B43D-0277:
Enhancing Tools and Geospatial Data to Support Operational Forest Management and Regional Forest Planning in the Face of Climate Change
Thursday, 18 December 2014
Michael J Falkowski1, Patrick Fekety1, Andrew T Hudak2, Nilam Kayastha1 and Linda Marie Nagel1, (1)University of Minnesota Twin Cities, Minneapolis, MN, United States, (2)Rocky Mountain Research Station Moscow, Moscow, ID, United States
Abstract:
A detailed understanding of how forest composition, structure, and function will be impacted by projected climate change and related adaptive forest management activities are particularly lacking at local scales, where on-the-ground management activities are implemented. Climate sensitive forest dynamics models may prove to be effective tools for developing a comprehensive understanding. However, to be applicable to both regional forest planning and operational forest management, modeling approaches must be capable of simulating forest dynamics across large spatial extents (required for regional planning) while maintaining a high-level of spatial detail (required for operational management).

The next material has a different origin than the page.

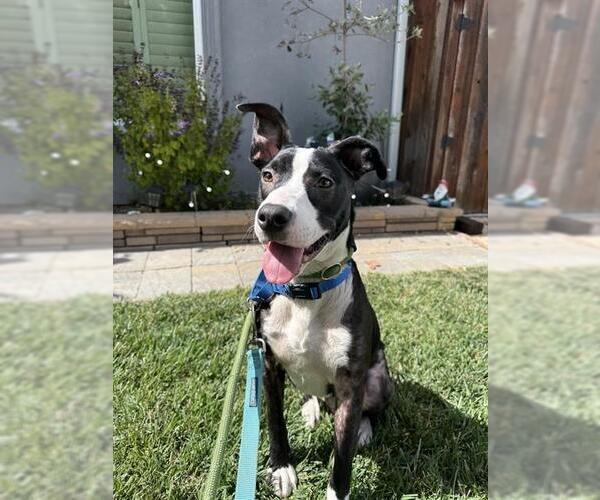 Medium Photo #1 Border Collie Puppy For Sale in Fremont, CA, USA
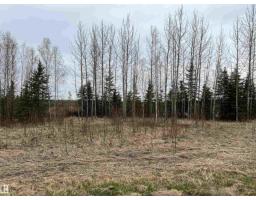 Twp 484 & Rr84, Rural Brazeau County, AB T7A2A1 Photo 7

LiDAR remote sensing has shown great utility for operational forest inventory and management, including forest dynamics modeling, albeit across relatively small spatial extents. We present a remote sensing driven approach to spatially initialize a climate-sensitive forest dynamics model (LANDIS-II) in the Pacific Northwest of the US via an integration of airborne LiDAR data with satellite remote sensing data. The system provides detailed forest inventory information - at the landscape level - that is subsequently employed to demonstrate how such models can be used to 1) investigate the potential impacts of climate change on future forest composition and structure, and 2) assess how various forest management practices may either enhance or degrade forest resilience to changing climate and disturbance regimes.